1.   La première, gouvernée principalement par une éthique de la conviction, est de se lancer dans une troisième aventure référendaire. Conséquences prévisibles : au pire, un troisième échec, au mieux, une victoire, mais non reconnue. Il ne suffit pas en effet d’être convaincu, selon une éthique de la conviction, de la valeur incontournable de la règle de la majorité absolue pour que celle-ci devienne automatiquement opérante : il importe également, selon une éthique de la responsabilité, de s’assurer que les autres - ceux à Ottawa - le soient également. Si le Parti Québécois annonce la tenue d’un nouveau référendum sans s’assurer d’une telle chose, il s’expose à la fois au risque d’un refus de négocier de la part du fédéral et au risque de devoir recourir à la sécession unilatérale, avec pour conséquences un contexte social et politique instable et une reconnaissance internationale rendue très difficile (en particulier celle des États-Unis).

  1. La seconde option, mue principalement par une éthique de la responsabilité : renoncer (provisoirement) à la tenue d’un référendum, à tout le moins tant et aussi longtemps que le Parti libéral sera au pouvoir à Ottawa et qu’un autre parti d’envergure nationale ne transformera pas de manière importante le climat politique canadien. Seule une souveraineté négociée pourra permettre au Québec d’accéder au statut d’État souverain dans des conditions de relative stabilité. Mais il faut pour cela un gouvernement à Ottawa, non seulement disposé à négocier, mais également disposé à s’entendre avec le Québec sur des règles raisonnables d’accession à la souveraineté : d’abord sur le principe de la majorité absolue ; ensuite sur le cadre d’une question référendaire qui n’exclut pas a priori les idées d’association et de partenariat ; finalement, sur un engagement de sa part à reconnaître, le cas échéant, le nouvel État souverain et à faire respecter les termes de cette reconnaissance (par exemple, en refusant d’appuyer le partitionnisme, en se montrant favorable à la création d’ententes interétatiques concernant le dossier des nations autochtones, etc.). Est-il naïf de penser que le Québec pourra un jour accéder au statut d’État souverain (avec ou sans partenariat) dans une relative stabilité, en évitant la confrontation? Peut-être. Mais selon moi, nous n’avons pas le choix de nous accrocher à cette idée. Je pense en effet que, si un référendum avait lieu dans des conditions comparables à celles que j’ai énumérées, un oui majoritaire l’emporterait aisément. Les Québécois veulent se donner tous les instruments politiques nécessaires à leur survie culturelle en Amérique du nord ; cependant, la conscience qu’ils ont de la précarité de leur situation n’est pas encore suffisamment aiguë pour qu’ils soient prêts à vouloir un État souverain même au prix de l’instabilité. On ne peut les en blâmer. Pourquoi devraient-ils payer ce prix? Ceux qu’il faut blâmer, ce sont les membres du parti présentement au pouvoir à Ottawa qui se plaisent malicieusement à agiter le spectre de l’instabilité, instabilité qu’ils contribuent pourtant eux-mêmes à alimenter, entre autres par leur refus déraisonnable de règles démocratiques simples.



NOTES


[1] L'auteur est professeur de philosophie à l'Université du Québec à Trois-Rivières.
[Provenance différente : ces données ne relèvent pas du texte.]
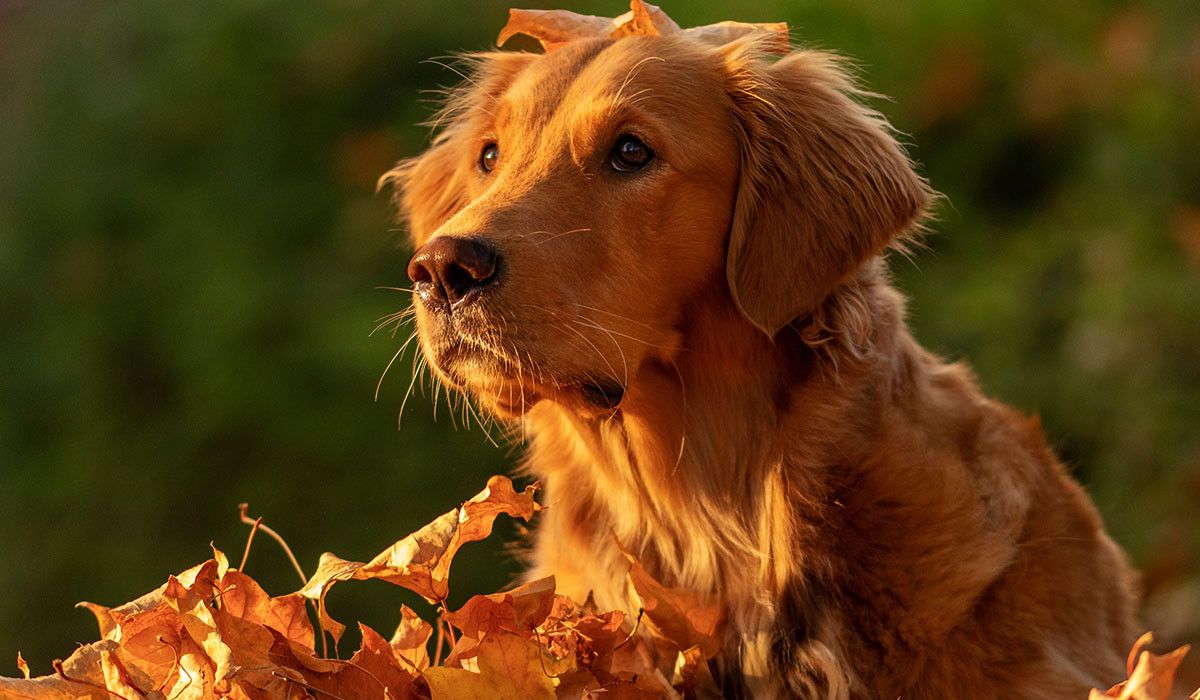 adorable-golden-retriever-at-fall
[2] Les artisans de la loi fédérale semblent s’être inspirés de la méthode préconisée par Louis Massicotte, professeur de science politique à l’Université de Montréal. Cf. Le Devoir, mercredi 9 septembre 1998, pp. A1 et A8.

[3] La Presse, samedi 30 octobre 1999, p. B9.

[4] L’hypothèse de tenir un second référendum est ici exclue : cette option ne peut se présenter qu’en cas d’échec des négociations, mais il faut alors supposer qu’il y a eu négociation. Le scénario que nous envisageons à titre d’hypothèse en est un qui précède la tenue même de négociations.

[5] Max Weber, Le savant et le politique, Paris, Plon, 1959 ; Karl-Otto Apel, Discussion et responsabilité. L’éthique après Kant, Paris, Éditions du Cerf, 1998.